# Help with Snowboard Size



## Mikeymcg (Jan 29, 2014)

Hi everyone,
I am a very casual snowboarding. Will go recreationally 1-2 times a year.

I am 6'4" and weigh around 195. I have a size 12 foot. I currently have a a 159cm snowboard that I bought a few years ago. From what I read, I really should be riding on a 162 WIDE. My question is if I can get away with using the smaller board on the mountain. Again, I'm not doing anything crazy...just some recreation use. Please advise. Thanks so much for your help.

Mike


----------



## 24WERD (May 9, 2012)

it all depends on the board.

some boards are stiffer as the size goes up

some boards the stiffness stays the same.
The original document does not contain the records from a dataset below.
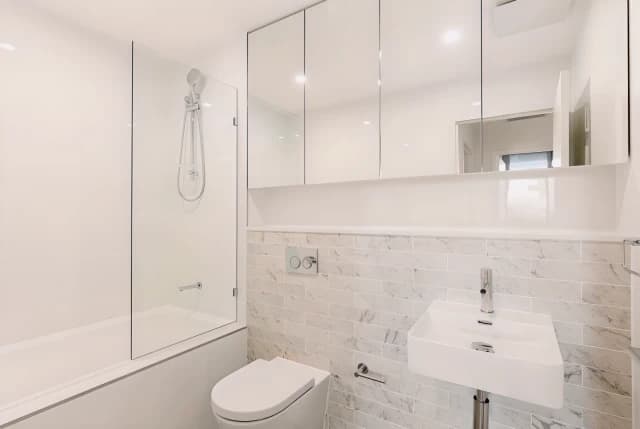 2Bedrooms, 2Bathrooms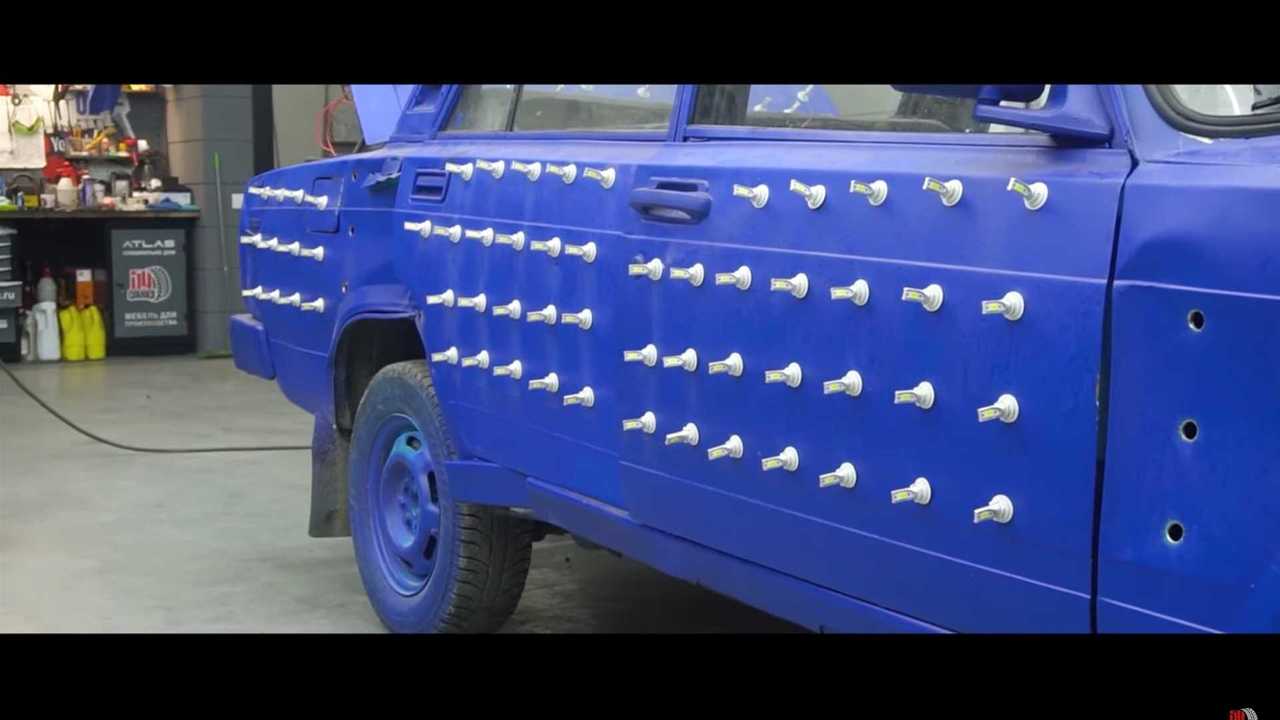 Lada con 300 bombillas de Garage 54
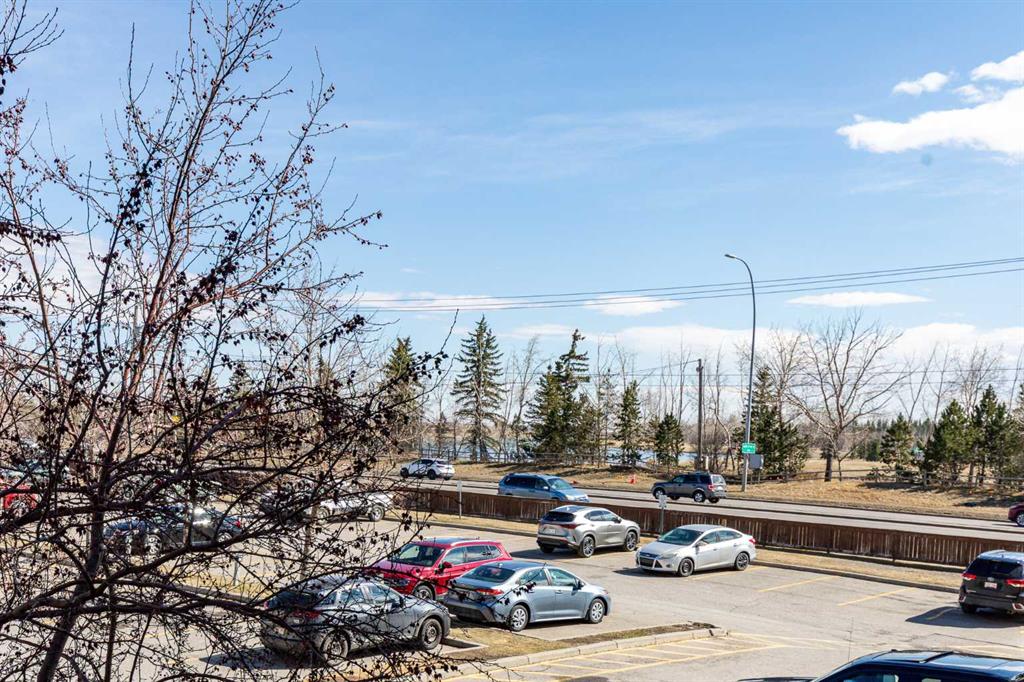 Fourth View of 2223, 6224 17 Avenue SE, Red Carpet, Calgary, Alberta, T2A 7X8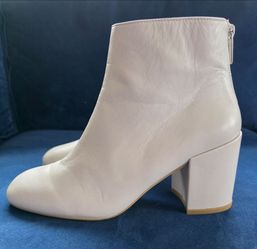 Stuart Weitzman Leather Ankle Boots with Block Heel in Cream / White Size 6.5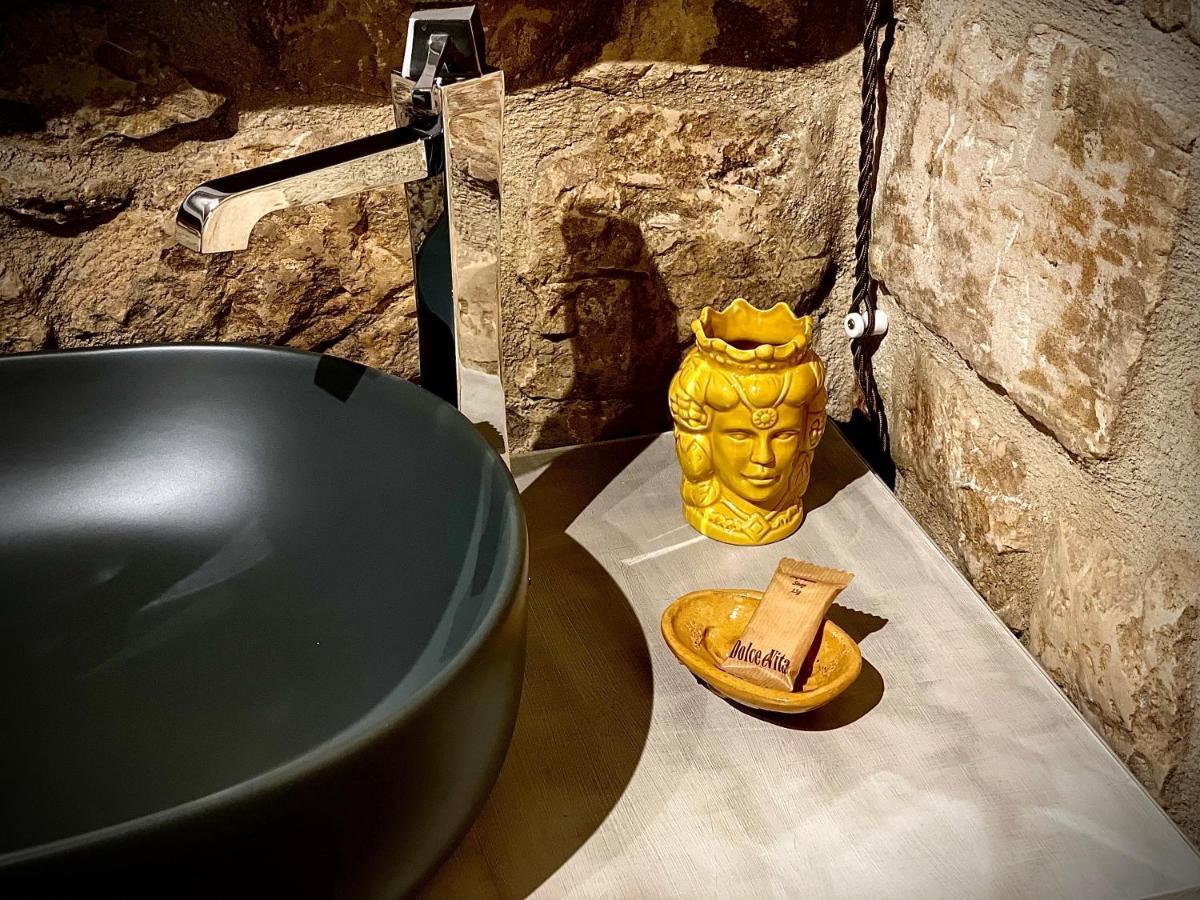 Cuturissi Hospitality & Wellnees Bed & Breakfast Ragusa Eksteriør bilde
Look at the spec and demo it if possible.


----------



## Pigpen (Feb 3, 2013)

You can get away with riding a slightly smaller one, but I wouldn't go too much smaller.. I would recommend you a 161-162W, but you could get away with a 159W all day


----------



## Mikeymcg (Jan 29, 2014)

Unfortunately I do not think my board is WIDE.


----------



## Pigpen (Feb 3, 2013)

I would highly consider a Wide, cause you have size 12 boot.. you're just over the mark where people generally get a wide, I have a size 12 and just got a 155W (park), and I catch a LOT less heel/toe than on my capita 157(non wide)


----------



## vajohn (Jan 12, 2014)

Yeah, length depends on the board type. Though some people will recommend a wide board for size 12, 25.4 is wide enough with size 12 depending on the boots. 2 of my boards are normal width (25.4), the other is a wide (26.1). 
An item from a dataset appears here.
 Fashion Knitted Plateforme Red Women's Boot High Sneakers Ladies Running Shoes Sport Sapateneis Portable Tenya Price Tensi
My burton hails and freestyles are pretty much fine on 25.4. Some boots may be longer than mine, the hails are designed to be as small as possible to minimize foot drag on larger boots I believe. According to the charts, my custom x should be a wide version but I don't think I would enjoy that board as much in a wide. On a more freestyle oriented board, like my parkstar, I like the extra width.

Also, I ride bindings with canted footbeds which help just a little more. I hardly ever catch on my custom x, just occasionally on sloppy spring crud.


----------



## justinthorpe (Oct 31, 2013)

I ride a Forum Recon 161 with size 11 Burton Imprint 1's & I get no toe drag at all. A 161 would probably suit you well, either that or the 162...


----------



## Mikeymcg (Jan 29, 2014)

So I have a MLY Ultimate 159 and size 14 5150 boots. I literally can't find anything on the specs of this board. Bought it about 7 years ago from a friend. 

Also, if I am just riding a couple of times a year can I get a 5150 board? I realize there are better brands out there but really can't spend a lot of money on a board.

Also looking at this board . On Sale Morrow Radium Wide Snowboard 163 up to 45% off


----------



## vajohn (Jan 12, 2014)

That morrow should be fine if you only ride a few times a year or even more, and should fit a size 14 with 26.8 width. But you might want to find a set of boots in size 12 on sale if that is your foot size. I just bought a board and boots from them for my nephew who is a beginner for about $220 shipped. It came really fast, and I'm very impressed with what I got him for less than what I would spend on a set of bindings for myself.


----------



## justinthorpe (Oct 31, 2013)

Thats a great deal actually! :yahoo:


----------